Start of INFORMATION SHOWN
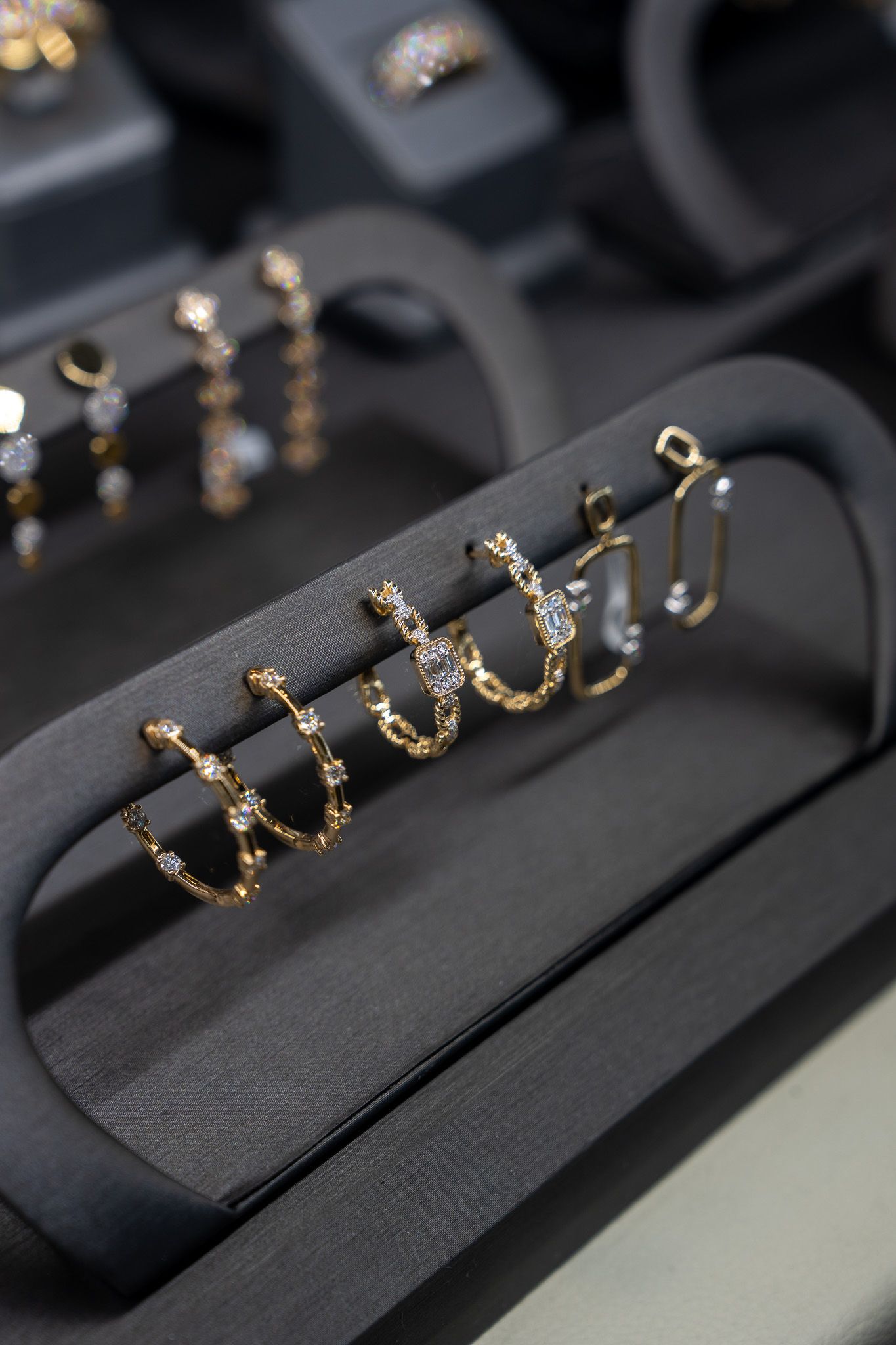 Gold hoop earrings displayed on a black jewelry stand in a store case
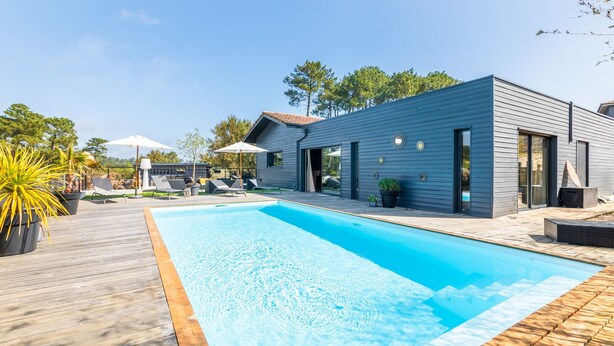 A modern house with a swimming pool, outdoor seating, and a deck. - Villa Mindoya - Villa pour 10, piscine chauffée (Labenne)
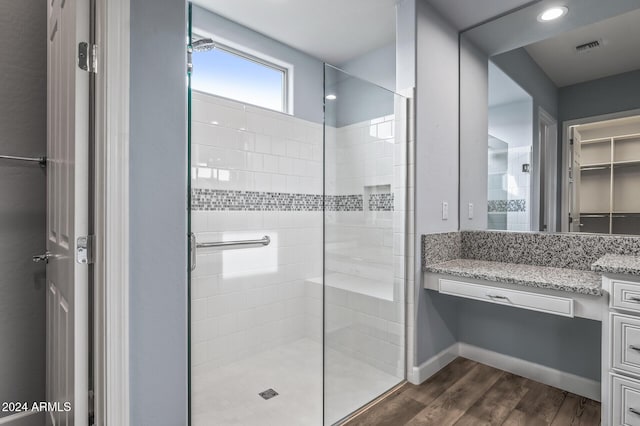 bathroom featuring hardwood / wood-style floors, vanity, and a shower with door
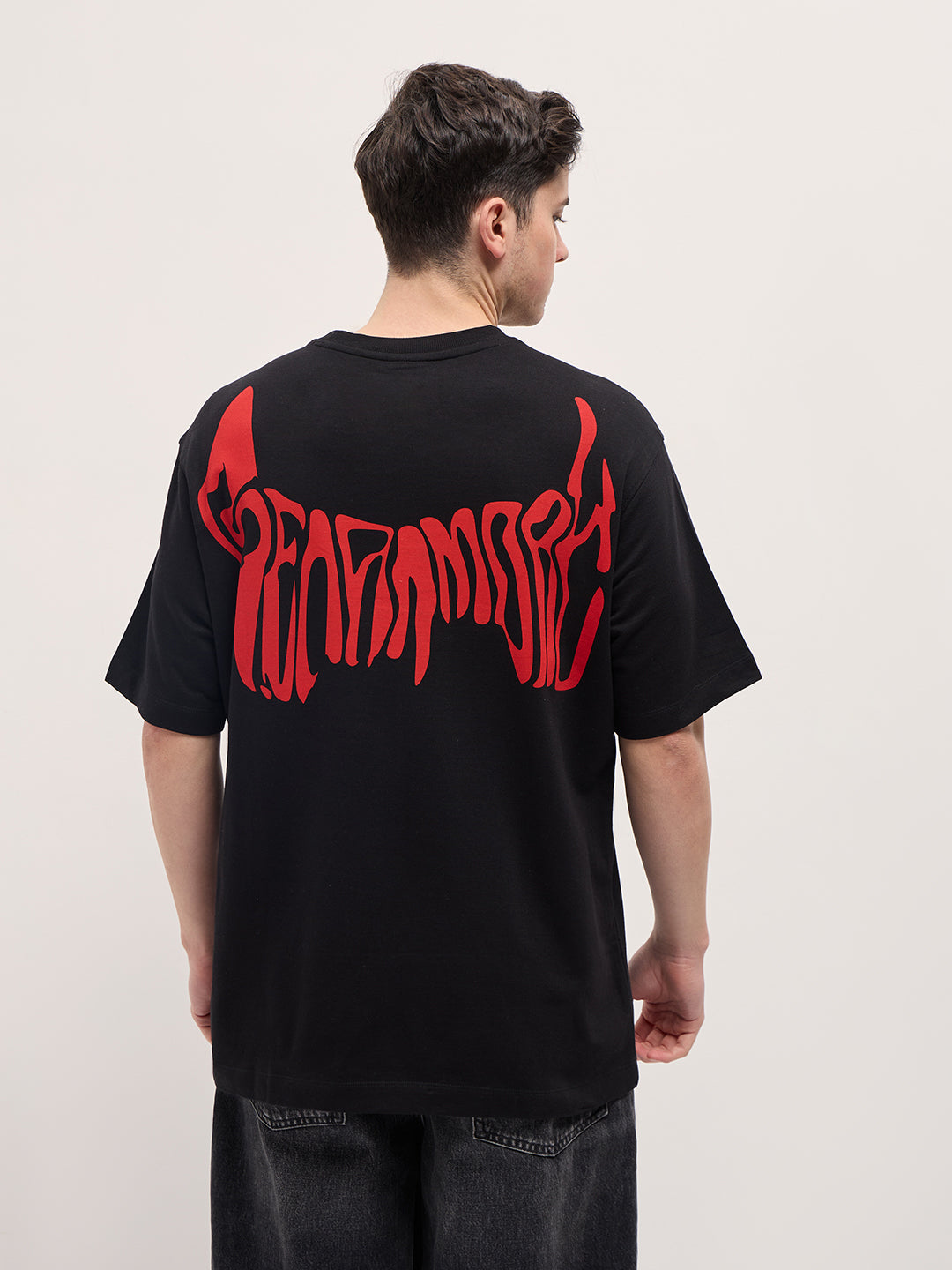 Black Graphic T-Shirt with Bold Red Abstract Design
End of INFORMATION SHOWN
EXERCISE DETAILS = Your task is to copy exactly the lines from the line containing "A modern house" through the final line of the listing above and to omit every picture.

RESULT FOR THIS TASK =
 A modern house with a swimming pool, outdoor seating, and a deck. - Villa Mindoya - Villa pour 10, piscine chauffée (Labenne)
 bathroom featuring hardwood / wood-style floors, vanity, and a shower with door
 Black Graphic T-Shirt with Bold Red Abstract Design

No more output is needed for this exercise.